_Task directions_: Could you restate the data below word for word, without its pictures?

_Data shown_:
- Opening Delimiter -

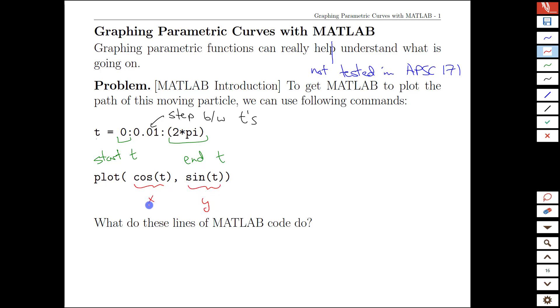The plot command here is doing what we imagined with our vector-valued function or parametric curves. We have two separate functions, one for x and one for y. The x coordinates are being computed as cosine of each of these T values, and then we get matching x values back. And the y values are being computed one by one as sine of each of these T values.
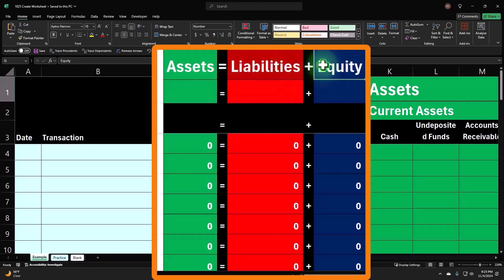Therefore, equity is kind of like the book value of the business to us, the owner. That's the equity in the business, like equity in your home, you might be familiar with.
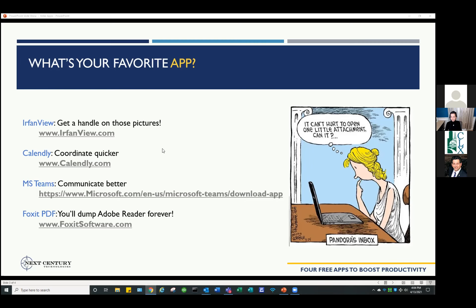Someone puts in WeTransfer.com for sending large photo and video files — that's a good one. We get problems with that without using Dropbox or similar. I use Teams for file sharing internally and with the outside world, though I'm not sure of the exact file size limit off the top of my head.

- Closing Delimiter -

_Expected answer_:
The plot command here is doing what we imagined with our vector-valued function or parametric curves. We have two separate functions, one for x and one for y. The x coordinates are being computed as cosine of each of these T values, and then we get matching x values back. And the y values are being computed one by one as sine of each of these T values.
Therefore, equity is kind of like the book value of the business to us, the owner. That's the equity in the business, like equity in your home, you might be familiar with.
Someone puts in WeTransfer.com for sending large photo and video files — that's a good one. We get problems with that without using Dropbox or similar. I use Teams for file sharing internally and with the outside world, though I'm not sure of the exact file size limit off the top of my head.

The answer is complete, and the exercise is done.